Data listing =
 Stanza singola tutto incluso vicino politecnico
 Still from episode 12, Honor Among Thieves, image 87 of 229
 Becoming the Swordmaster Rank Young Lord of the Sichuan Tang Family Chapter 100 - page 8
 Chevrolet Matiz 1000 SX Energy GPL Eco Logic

* * *

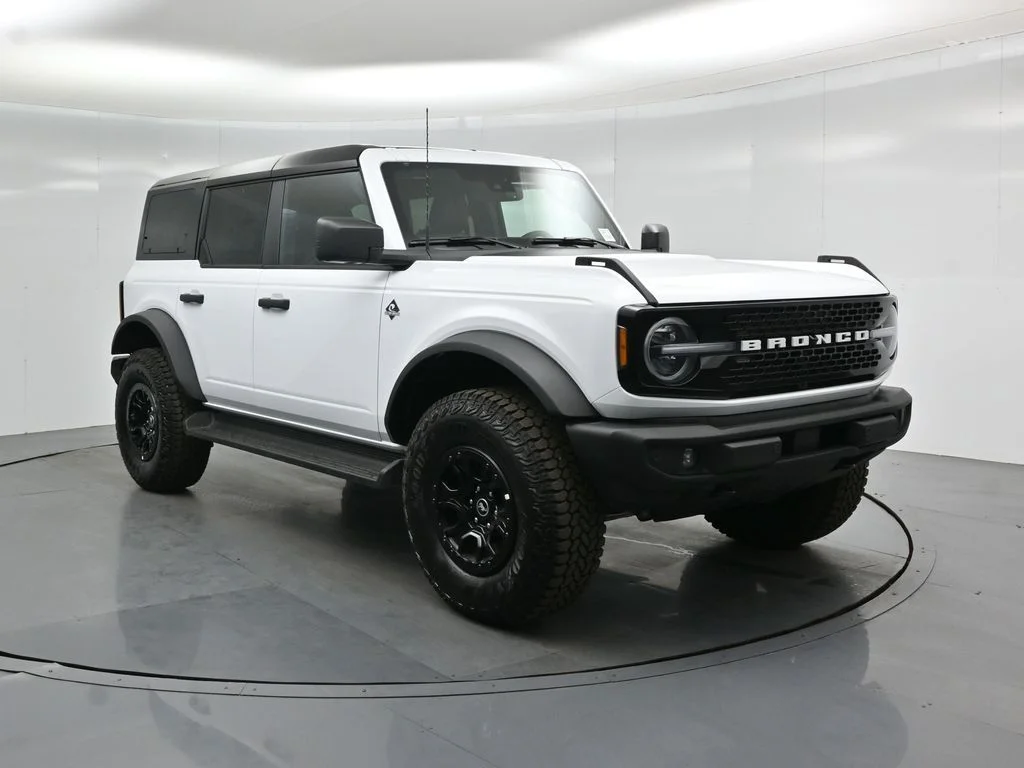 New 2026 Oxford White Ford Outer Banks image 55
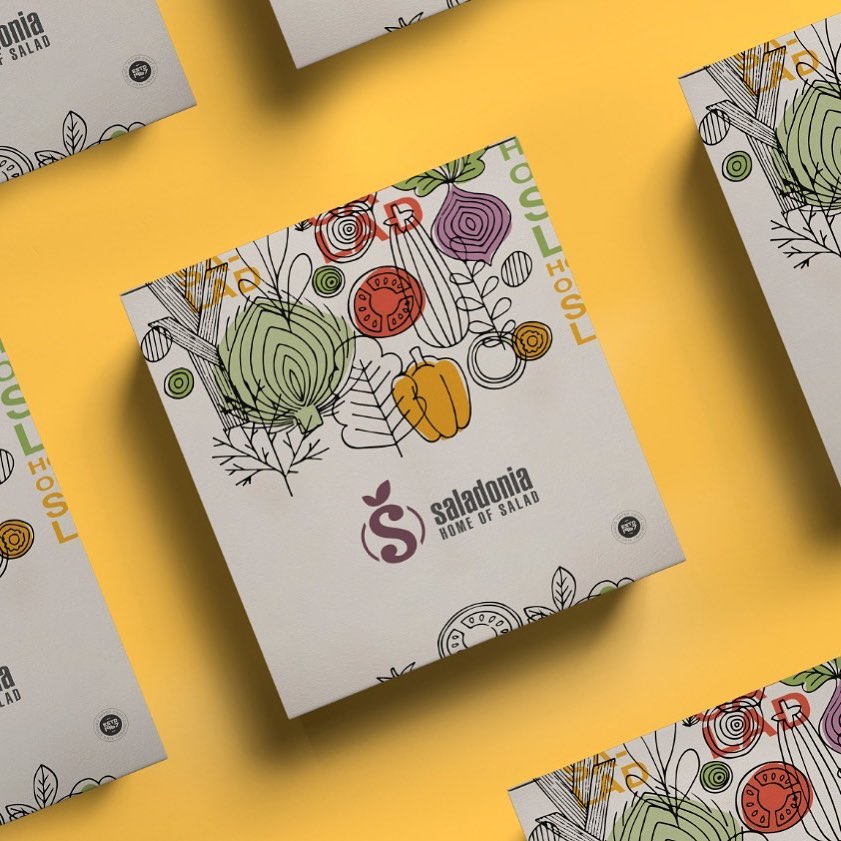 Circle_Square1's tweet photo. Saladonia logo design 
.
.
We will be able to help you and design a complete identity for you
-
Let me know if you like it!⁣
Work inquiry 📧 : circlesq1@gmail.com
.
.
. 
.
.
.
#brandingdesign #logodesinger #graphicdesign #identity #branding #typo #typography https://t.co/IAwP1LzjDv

==

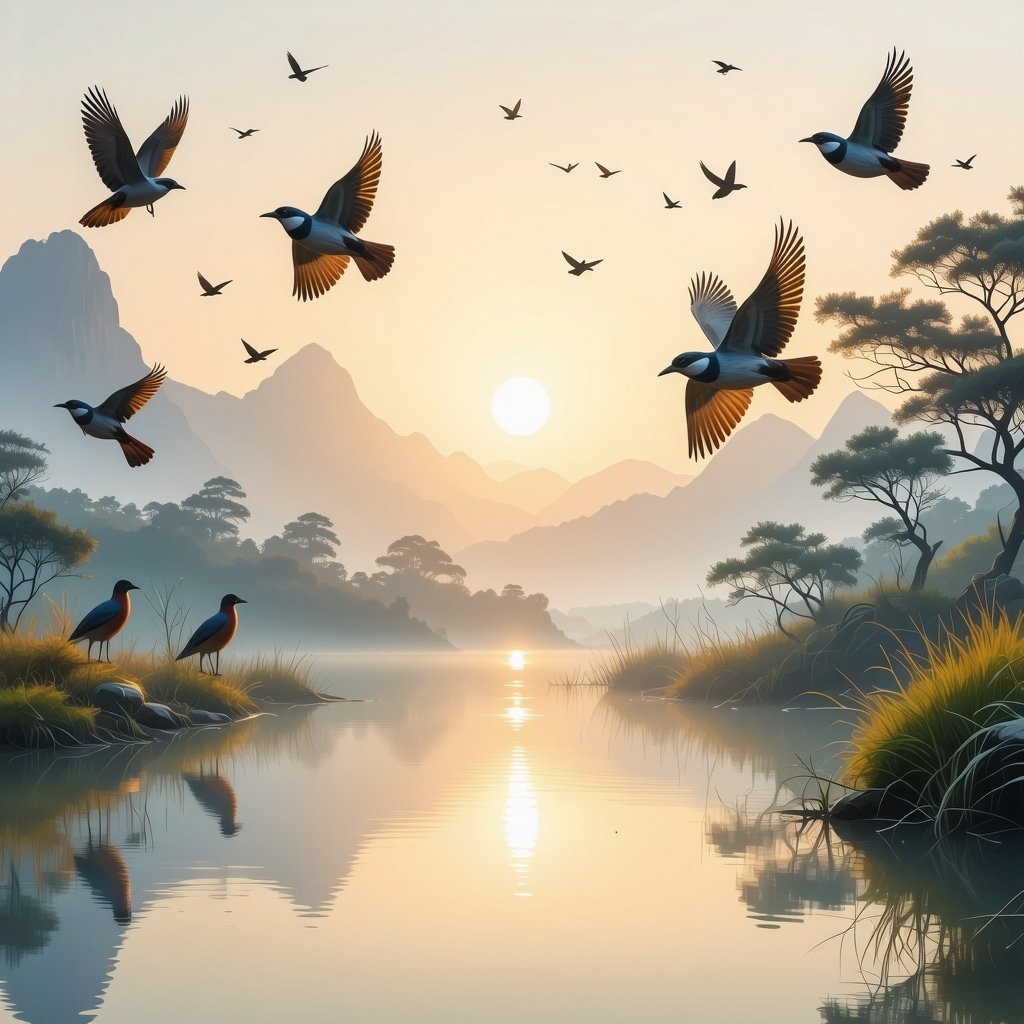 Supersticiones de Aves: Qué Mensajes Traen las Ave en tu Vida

Directions for this task = Scan the lines above for the word "identity", then copy each line that has it.

Answer section =
We will be able to help you and design a complete identity for you
#brandingdesign #logodesinger #graphicdesign #identity #branding #typo #typography https://t.co/IAwP1LzjDv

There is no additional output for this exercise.